## EXERCISE GOAL
Please take the lines from the one holding "NJ license plate J26HAG" through the one holding "Taza de café" in the data below and copy them exactly.

[[ EXERCISE DATA open ]]

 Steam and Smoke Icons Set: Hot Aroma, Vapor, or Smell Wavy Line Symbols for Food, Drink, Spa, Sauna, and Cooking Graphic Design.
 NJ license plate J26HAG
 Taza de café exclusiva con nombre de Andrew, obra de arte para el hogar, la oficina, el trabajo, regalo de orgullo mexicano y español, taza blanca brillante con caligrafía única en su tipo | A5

[[ EXERCISE DATA closed ]]
[[ EXERCISE DATA open ]]

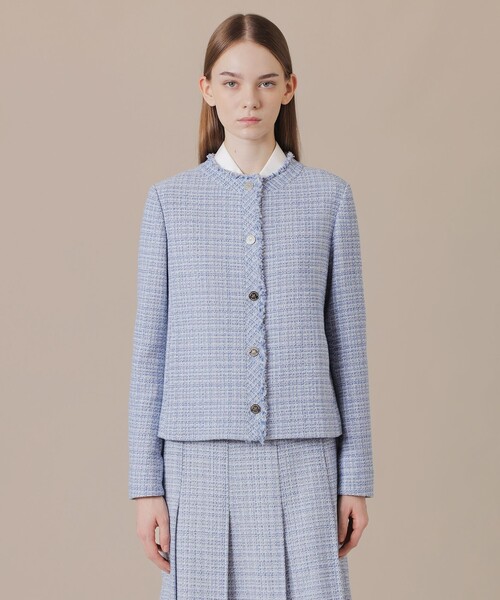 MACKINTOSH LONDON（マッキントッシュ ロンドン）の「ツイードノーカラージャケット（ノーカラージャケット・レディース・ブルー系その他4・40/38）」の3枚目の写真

[[ EXERCISE DATA closed ]]
[[ EXERCISE DATA open ]]

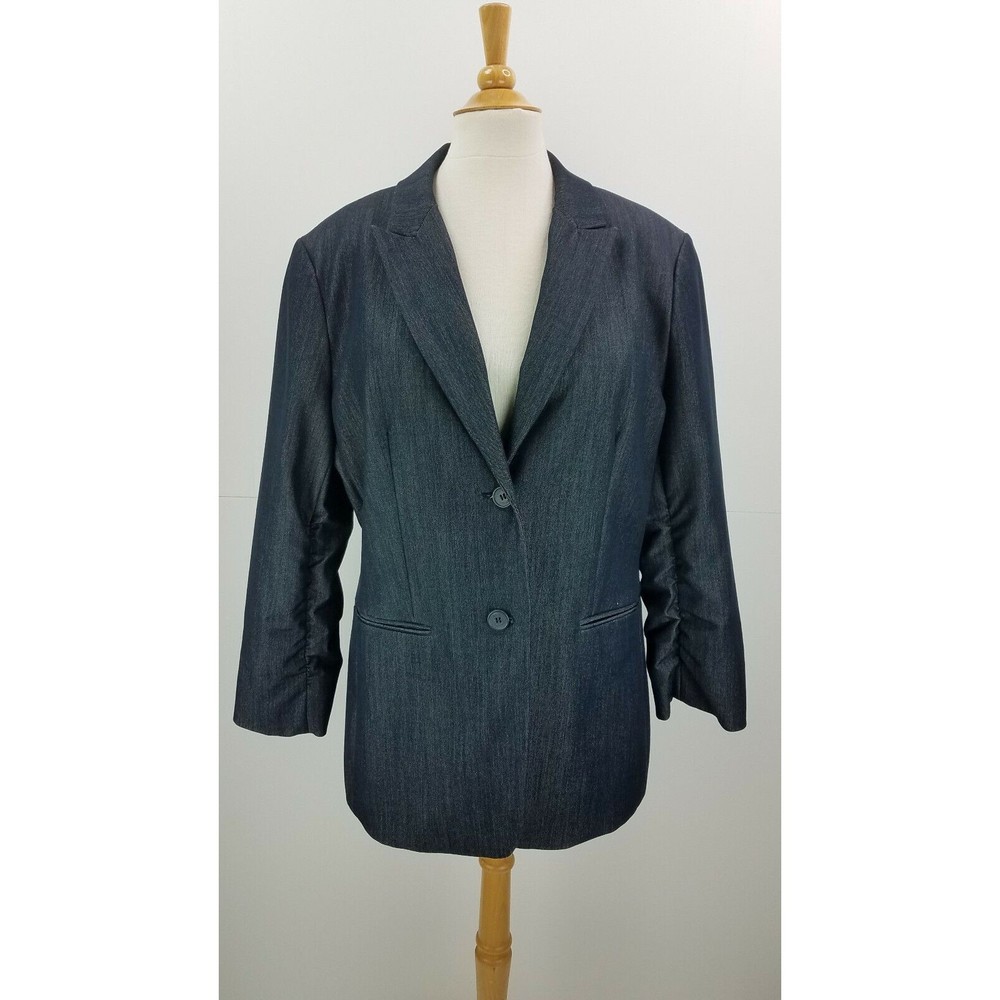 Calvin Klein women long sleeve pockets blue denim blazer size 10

[[ EXERCISE DATA closed ]]

## SOLVED EXERCISE
 NJ license plate J26HAG
 Taza de café exclusiva con nombre de Andrew, obra de arte para el hogar, la oficina, el trabajo, regalo de orgullo mexicano y español, taza blanca brillante con caligrafía única en su tipo | A5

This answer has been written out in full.